TRY IT
From the entries that follow, reproduce exactly and only the lines from the line with "PREMIUM GLOSSY PHOTO" to the line with "Appraisal: Two Renaissance", endpoints included.

= Beginning of Section =

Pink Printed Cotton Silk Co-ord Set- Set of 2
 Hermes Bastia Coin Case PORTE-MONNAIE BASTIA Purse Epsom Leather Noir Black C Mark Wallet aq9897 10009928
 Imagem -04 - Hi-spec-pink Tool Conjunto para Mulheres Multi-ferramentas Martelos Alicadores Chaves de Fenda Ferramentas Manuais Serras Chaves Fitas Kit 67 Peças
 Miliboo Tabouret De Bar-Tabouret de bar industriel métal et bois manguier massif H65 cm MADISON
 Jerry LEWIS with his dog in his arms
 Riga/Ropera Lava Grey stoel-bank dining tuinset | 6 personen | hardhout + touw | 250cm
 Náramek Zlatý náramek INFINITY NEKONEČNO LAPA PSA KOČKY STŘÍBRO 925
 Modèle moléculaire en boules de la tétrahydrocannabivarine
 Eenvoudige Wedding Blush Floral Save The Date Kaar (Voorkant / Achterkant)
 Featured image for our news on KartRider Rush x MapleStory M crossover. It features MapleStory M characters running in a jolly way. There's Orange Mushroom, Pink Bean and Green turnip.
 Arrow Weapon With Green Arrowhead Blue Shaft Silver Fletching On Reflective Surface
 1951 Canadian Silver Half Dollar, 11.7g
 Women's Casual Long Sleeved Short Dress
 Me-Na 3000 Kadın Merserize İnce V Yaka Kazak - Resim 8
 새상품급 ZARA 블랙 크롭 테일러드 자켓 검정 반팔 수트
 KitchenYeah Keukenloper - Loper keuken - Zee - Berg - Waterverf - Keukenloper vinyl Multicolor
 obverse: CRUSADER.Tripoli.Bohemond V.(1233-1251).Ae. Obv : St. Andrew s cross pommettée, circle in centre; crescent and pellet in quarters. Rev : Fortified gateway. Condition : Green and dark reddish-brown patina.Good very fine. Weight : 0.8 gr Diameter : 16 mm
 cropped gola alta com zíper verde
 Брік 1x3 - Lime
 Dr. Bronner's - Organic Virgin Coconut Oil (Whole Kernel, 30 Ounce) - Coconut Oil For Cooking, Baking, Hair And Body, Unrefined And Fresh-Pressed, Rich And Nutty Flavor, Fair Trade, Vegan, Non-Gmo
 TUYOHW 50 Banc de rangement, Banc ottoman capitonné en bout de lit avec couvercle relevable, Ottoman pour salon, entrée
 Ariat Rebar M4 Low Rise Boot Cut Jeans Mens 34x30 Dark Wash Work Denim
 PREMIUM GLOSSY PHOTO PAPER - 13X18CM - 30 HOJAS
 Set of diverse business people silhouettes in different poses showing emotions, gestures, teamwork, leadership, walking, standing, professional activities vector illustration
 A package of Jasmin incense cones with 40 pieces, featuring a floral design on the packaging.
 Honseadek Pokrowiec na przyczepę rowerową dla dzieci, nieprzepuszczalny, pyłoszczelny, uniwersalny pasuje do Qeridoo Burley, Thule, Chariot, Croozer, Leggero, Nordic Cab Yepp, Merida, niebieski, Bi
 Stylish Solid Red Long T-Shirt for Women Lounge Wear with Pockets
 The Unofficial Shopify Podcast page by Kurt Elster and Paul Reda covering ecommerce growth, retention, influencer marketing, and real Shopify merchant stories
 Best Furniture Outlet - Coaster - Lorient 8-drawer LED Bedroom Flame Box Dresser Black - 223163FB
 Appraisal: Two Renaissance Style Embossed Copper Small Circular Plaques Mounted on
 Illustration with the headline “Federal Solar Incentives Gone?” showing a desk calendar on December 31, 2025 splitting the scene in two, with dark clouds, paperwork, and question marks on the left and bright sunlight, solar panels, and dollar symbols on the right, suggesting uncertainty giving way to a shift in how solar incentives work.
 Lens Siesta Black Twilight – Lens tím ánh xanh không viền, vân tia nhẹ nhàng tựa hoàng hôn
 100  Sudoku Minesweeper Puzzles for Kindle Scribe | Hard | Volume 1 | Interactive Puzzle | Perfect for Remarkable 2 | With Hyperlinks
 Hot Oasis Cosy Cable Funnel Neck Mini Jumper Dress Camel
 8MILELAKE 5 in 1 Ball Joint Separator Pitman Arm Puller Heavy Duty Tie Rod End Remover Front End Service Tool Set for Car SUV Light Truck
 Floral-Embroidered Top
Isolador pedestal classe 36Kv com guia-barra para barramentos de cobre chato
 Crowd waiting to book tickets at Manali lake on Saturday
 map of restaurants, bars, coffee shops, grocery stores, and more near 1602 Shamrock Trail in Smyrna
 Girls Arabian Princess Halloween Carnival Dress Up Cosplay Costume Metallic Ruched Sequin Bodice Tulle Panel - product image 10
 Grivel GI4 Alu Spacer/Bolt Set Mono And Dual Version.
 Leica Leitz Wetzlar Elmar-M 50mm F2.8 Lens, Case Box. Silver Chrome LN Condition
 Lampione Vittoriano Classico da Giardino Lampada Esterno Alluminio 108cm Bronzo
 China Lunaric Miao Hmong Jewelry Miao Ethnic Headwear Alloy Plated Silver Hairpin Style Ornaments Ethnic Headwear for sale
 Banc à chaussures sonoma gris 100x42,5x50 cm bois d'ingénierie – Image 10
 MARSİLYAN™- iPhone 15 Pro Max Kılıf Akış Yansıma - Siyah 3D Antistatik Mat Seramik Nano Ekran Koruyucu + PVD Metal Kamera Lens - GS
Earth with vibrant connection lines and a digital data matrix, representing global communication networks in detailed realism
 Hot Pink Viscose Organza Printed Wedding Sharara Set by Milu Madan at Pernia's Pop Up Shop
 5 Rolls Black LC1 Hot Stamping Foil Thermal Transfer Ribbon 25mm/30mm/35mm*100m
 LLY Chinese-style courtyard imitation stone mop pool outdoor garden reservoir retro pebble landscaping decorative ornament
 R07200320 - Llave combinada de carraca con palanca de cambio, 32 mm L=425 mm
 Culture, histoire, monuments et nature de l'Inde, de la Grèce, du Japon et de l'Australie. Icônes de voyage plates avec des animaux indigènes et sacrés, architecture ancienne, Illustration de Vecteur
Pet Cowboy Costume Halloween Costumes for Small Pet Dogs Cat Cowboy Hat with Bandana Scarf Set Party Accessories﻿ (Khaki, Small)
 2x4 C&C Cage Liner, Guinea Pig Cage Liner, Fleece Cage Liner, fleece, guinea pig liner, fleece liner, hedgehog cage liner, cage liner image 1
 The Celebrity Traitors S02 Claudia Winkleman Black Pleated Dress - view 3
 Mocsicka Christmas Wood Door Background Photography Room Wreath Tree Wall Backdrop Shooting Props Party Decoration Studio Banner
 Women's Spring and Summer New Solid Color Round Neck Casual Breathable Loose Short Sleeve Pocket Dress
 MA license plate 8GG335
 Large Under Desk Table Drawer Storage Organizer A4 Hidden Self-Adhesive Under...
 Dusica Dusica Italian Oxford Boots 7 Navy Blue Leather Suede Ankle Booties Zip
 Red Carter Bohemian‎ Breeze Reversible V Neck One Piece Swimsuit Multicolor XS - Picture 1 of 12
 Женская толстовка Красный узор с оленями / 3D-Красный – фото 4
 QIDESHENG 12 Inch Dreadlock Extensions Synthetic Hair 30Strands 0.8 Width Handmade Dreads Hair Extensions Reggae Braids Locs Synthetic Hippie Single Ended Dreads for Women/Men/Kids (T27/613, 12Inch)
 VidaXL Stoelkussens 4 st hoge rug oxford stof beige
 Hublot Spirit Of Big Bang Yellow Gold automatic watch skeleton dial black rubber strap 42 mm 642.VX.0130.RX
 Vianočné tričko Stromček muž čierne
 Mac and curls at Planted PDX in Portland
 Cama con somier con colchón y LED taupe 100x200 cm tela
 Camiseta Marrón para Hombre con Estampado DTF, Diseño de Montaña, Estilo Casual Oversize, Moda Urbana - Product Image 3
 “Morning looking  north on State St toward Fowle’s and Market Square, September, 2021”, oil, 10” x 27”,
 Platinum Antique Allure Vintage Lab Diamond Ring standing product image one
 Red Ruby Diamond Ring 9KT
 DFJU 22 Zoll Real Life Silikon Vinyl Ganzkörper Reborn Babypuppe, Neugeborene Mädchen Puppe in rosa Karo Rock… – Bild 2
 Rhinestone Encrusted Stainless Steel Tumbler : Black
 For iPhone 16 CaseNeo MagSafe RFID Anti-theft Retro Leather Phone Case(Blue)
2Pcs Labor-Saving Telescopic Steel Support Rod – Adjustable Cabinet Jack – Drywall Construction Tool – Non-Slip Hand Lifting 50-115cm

= End of Section =

EXERCISE ANSWER
 PREMIUM GLOSSY PHOTO PAPER - 13X18CM - 30 HOJAS
 Set of diverse business people silhouettes in different poses showing emotions, gestures, teamwork, leadership, walking, standing, professional activities vector illustration
 A package of Jasmin incense cones with 40 pieces, featuring a floral design on the packaging.
 Honseadek Pokrowiec na przyczepę rowerową dla dzieci, nieprzepuszczalny, pyłoszczelny, uniwersalny pasuje do Qeridoo Burley, Thule, Chariot, Croozer, Leggero, Nordic Cab Yepp, Merida, niebieski, Bi
 Stylish Solid Red Long T-Shirt for Women Lounge Wear with Pockets
 The Unofficial Shopify Podcast page by Kurt Elster and Paul Reda covering ecommerce growth, retention, influencer marketing, and real Shopify merchant stories
 Best Furniture Outlet - Coaster - Lorient 8-drawer LED Bedroom Flame Box Dresser Black - 223163FB
 Appraisal: Two Renaissance Style Embossed Copper Small Circular Plaques Mounted on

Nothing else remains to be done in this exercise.